The approach and methods of the practice allow the generative potential of each project to evolve by responding to the specifics of the place, the client and the creators. This developing life force becomes the informing basis of each design, ensuring that each retains its individuality, each responds in its unique way. There is no consistent, limiting ‘house style’: work has great depth, achieving a wide diversity of detail and approach. The project team commit to working single-mindedly to achieve in the completed work the power of the sketch
In many projects TZG have worked with selected artists from the initial concept stage, so that there is no division between the art and the architecture. The formal and metaphysical concerns of the artist are integrated with the architecture, each informing and enriching the other. Built work such as memorials and galleries are based on a high level of collaboration, and the successful public project is highly rewarding. Theoretical projects, installations and gallery work are further from the constraints of function and durability, allowing more polemic explorations of form and content.
Scale and Appropriateness
Consistently, a sense of the broader responsibility of the architect has underpinned the work of the practice. This has two aspects – one relates to the consideration of the building’s context and the other to the design of the building itself. With both, scale is a decisive element, relating the size of spaces and built forms to the individual and to the context.

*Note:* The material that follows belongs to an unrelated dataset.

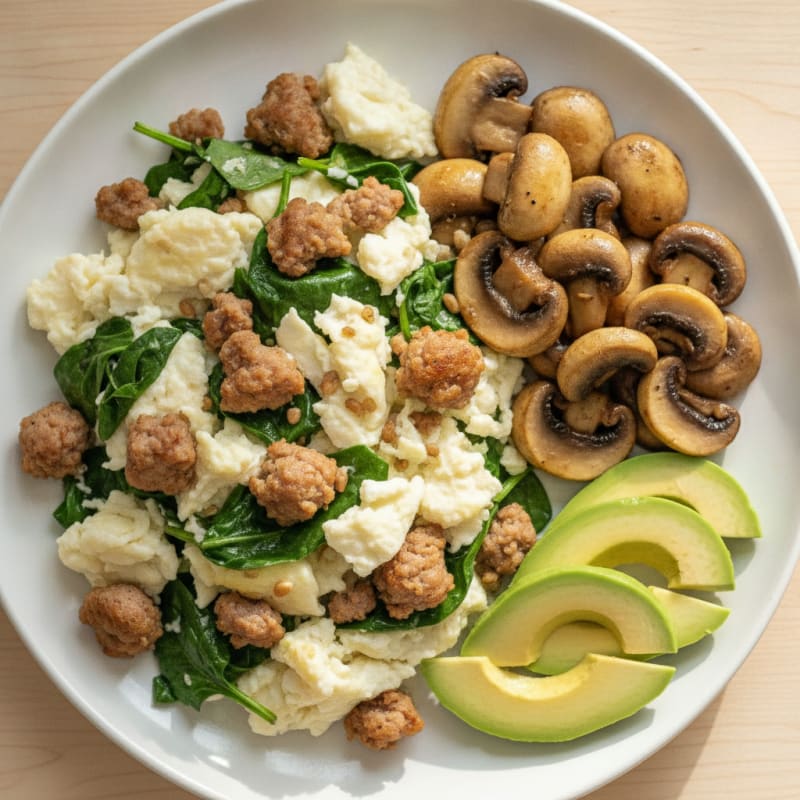 Egg White and Spinach Scramble with Turkey Sausage and Sautéed Mushrooms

A consideration of the surroundings does not imply a purely contextualist basis for architecture – rather a symbiotic relationship of place and building; with the making of a landmark an appropriate action in the correct circumstance. However, for many projects there is no appropriate genesis for the extraordinary, and thus buildings are part of a greater whole, suiting either the importance of a historic neighbourhood or the anonymous program of the building itself. Context also defines the fixed parameters of a site – aspect, sunlight, privacy and air movement, which control the fundamental design of a building.
This sense of appropriateness also pervades the approach to the design of the building as an object. It is sensible to put effort, equalling cost in either design time or construction, where it will be of most benefit. It is unrealistic to expect elaborate monumentality from a simple commercial building, and the client must be in sympathy with the architectural intentions of any house. Conversely, a major public building or monument demands an architecture responsive to the highest aspirations of the society which commissions it. The old expression – ‘you must cut your coat to suit your cloth’ – sums up a pragmatic approach which ensures that effort is rewarded.
The Power of Creation
Architects have a unique ability to experiment with one-off creations which are actually used in everyday life. This power to build, to create real objects, underlies the fascination of the work, and exposes its danger: to avoid self-indulgence on one side and subservience on the other. This however is the path the designer must follow. Tonkin Zulaikha Greer’s work is ongoing, developing its exploration of the possibilities of architectural practice, building on the pragmatic to create realised manifestations of a powerful ‘other’.